Washington School




Washington schoolSW Corner of 3rd Avenue and 13th Street

The full history of Rock Island’s Washington School — the grade school, not the junior high on 18th Avenue that we know today – is obscure.  It was located on the southwest corner of 3rd Avenue and 13th Street.  Our postcard, which was mailed in 1913, shows the school as it appeared in the early 1900s from the middle of the street intersection.   It was published by the Rock Island Postcard Company, who added color to a photograph that first appeared in Picturesque Tri-Cities.

Each issue of Picturesque Tri-Cities, which was published monthly for twenty-four months between 1902 and 1904, contained about eighteen photos of homes, businesses, and community leaders in Rock Island, Moline, and Davenport.  Many of the building photos were reprinted and colored to create postcards such as this one from Shannon Hall’s collection.

According to a special edition of the Argus in 1925, “More than three quarters of a century ago a little frame building, where now stands the old deserted Washington School on 3rd  Avenue and 13th Street, afforded its children an education.  As far back as 1843 was a school (at that location).”

By 1857, the original school had been rebuilt of brick although it still contained only two rooms.  At that time a total of 317 students were attending the Rock Island public schools.  The school building on the postcard probably dates from around 1870, a busy time for school builders with many Rock Island schools being built or enlarged.  As noted in an earlier Postcards From Home story, P. S. No. 1, later Hawthorne School, was constructed in 1868 and was a similar 2 ½ story building.   Washington School was originally known as Public School No. 2 before being renamed in 1897.

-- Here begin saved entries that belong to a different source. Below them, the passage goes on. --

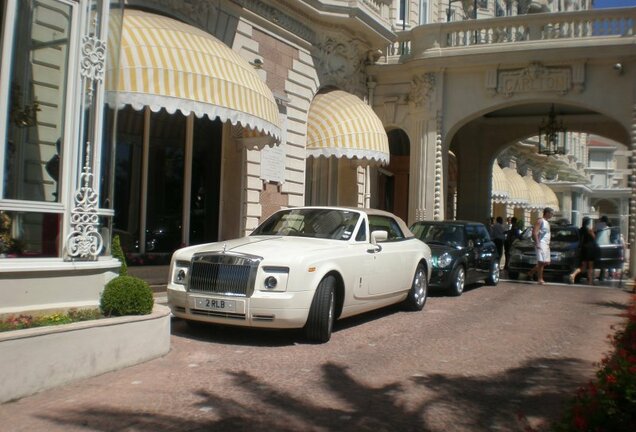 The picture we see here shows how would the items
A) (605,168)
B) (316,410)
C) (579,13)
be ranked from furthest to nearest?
(605,168) < (579,13) < (316,410)

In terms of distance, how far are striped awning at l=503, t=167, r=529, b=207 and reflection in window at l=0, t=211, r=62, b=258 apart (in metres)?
24.9

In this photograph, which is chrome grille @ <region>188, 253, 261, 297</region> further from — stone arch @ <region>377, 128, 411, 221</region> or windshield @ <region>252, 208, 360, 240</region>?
stone arch @ <region>377, 128, 411, 221</region>

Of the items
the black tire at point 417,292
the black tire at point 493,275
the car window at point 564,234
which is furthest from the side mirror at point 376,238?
the car window at point 564,234

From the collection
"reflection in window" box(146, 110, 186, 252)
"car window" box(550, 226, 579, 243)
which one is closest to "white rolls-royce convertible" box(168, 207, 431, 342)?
"reflection in window" box(146, 110, 186, 252)

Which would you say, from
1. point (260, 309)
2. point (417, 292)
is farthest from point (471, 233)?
point (260, 309)

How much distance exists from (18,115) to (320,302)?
3.88 meters

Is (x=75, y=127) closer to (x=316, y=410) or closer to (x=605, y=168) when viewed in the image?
(x=316, y=410)

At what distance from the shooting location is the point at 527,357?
24.2ft

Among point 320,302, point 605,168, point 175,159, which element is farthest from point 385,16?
point 605,168

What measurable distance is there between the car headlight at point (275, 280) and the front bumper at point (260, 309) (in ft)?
0.19

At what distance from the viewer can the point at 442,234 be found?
13.9 m

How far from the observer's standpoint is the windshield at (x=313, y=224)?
8.85m

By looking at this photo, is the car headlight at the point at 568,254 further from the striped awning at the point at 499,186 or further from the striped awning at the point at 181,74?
the striped awning at the point at 181,74

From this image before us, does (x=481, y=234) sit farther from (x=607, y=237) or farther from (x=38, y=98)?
(x=38, y=98) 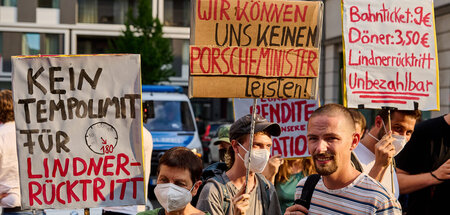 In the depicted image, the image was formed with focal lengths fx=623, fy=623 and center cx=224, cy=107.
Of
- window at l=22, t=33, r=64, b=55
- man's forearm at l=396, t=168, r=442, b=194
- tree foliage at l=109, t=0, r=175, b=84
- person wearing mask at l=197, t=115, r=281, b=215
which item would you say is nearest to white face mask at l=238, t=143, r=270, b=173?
person wearing mask at l=197, t=115, r=281, b=215

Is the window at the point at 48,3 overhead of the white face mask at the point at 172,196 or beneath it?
overhead

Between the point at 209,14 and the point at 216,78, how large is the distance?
0.42m

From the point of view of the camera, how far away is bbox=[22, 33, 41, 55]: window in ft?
137

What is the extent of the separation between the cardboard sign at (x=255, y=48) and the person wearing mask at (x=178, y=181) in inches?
19.2

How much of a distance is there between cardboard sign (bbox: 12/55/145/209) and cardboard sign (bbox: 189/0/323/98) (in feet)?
1.51

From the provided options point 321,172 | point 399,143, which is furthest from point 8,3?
point 321,172

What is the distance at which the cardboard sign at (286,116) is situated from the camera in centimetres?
546

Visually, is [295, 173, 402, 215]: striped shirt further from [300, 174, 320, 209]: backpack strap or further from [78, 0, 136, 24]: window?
[78, 0, 136, 24]: window

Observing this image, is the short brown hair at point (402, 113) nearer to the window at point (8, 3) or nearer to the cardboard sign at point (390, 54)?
the cardboard sign at point (390, 54)

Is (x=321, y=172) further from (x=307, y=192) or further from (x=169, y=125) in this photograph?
(x=169, y=125)

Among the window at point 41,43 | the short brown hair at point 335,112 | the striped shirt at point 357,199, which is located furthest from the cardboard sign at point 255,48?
the window at point 41,43

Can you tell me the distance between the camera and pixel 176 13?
44938 mm

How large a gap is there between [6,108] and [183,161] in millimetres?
1989

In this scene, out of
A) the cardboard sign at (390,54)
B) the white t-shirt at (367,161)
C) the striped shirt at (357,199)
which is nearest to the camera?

Sanborn Fire Insurance maps show that Washington School was T-shaped and was 35 feet to the eave line.  Its 2-½ stories appear imposing, yet it was relatively small, at only one room deep and two rooms wide.  Beyond the main entrance, which faced 3rd Avenue from the side of the short leg of the T, lay the central portion of the building which likely contained the hallway, stairway, and office space.  The high basement implies the potential for usable rooms there as well.

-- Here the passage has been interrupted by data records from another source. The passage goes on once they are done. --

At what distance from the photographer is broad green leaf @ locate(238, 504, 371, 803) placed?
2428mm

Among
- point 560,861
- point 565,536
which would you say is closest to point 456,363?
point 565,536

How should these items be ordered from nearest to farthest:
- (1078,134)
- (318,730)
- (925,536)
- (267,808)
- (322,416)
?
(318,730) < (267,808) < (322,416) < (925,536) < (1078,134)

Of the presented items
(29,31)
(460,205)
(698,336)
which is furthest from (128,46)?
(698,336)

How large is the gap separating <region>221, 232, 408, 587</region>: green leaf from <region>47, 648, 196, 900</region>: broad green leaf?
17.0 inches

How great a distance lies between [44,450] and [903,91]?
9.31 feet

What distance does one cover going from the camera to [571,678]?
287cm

The brick exterior is simply detailed with large windows and a stone-edged gable parapet. Although the attic area is high and contains striking triple windows, the space was probably not used or even finished.  Old Lincoln school, the only pre-1900 school building that remained in Rock Island until 1912, had a similar spacious but unfinished attic.

According to the Sanborn information, Old Washington School did not have electric lights and was heated by stoves as well as a furnace.   In 1888, only 79 students were in attendance here, while other Rock Island grade schools each had enrollments of 200-300 students.   As the 1800s dwindled to a close, larger, more modern schoolhouses were built in Rock Island, among them Lincoln, Hawthorne, Irving, and Eugene Field.   These newer schools occupied large lots, usually a square block, in contrast to Washington’s small corner site (note the proximity of the home to the right of the postcard.

After Washington School was closed, probably in the teens, its remaining students transferred to Lincoln or Hawthorne Schools, but its name endured in a new Washington school on 18th Avenue at 33rd Street, the first school to be built south of 18th Avenue.  Designed by architects Cervin & Horn, it opened in 1920 as a “departmental” grade school and was converted to a junior high in 1928.

The original Washington School stood vacant for a time until falling to the wrecking ball by the 1930s.  Today its lot holds a newer building, the home of a sheet metal company.

This article, by Diane Oestreich, is slightly modified from the original, which appeared in the Rock Island Argus and Moline Dispatch on August 16, 2004.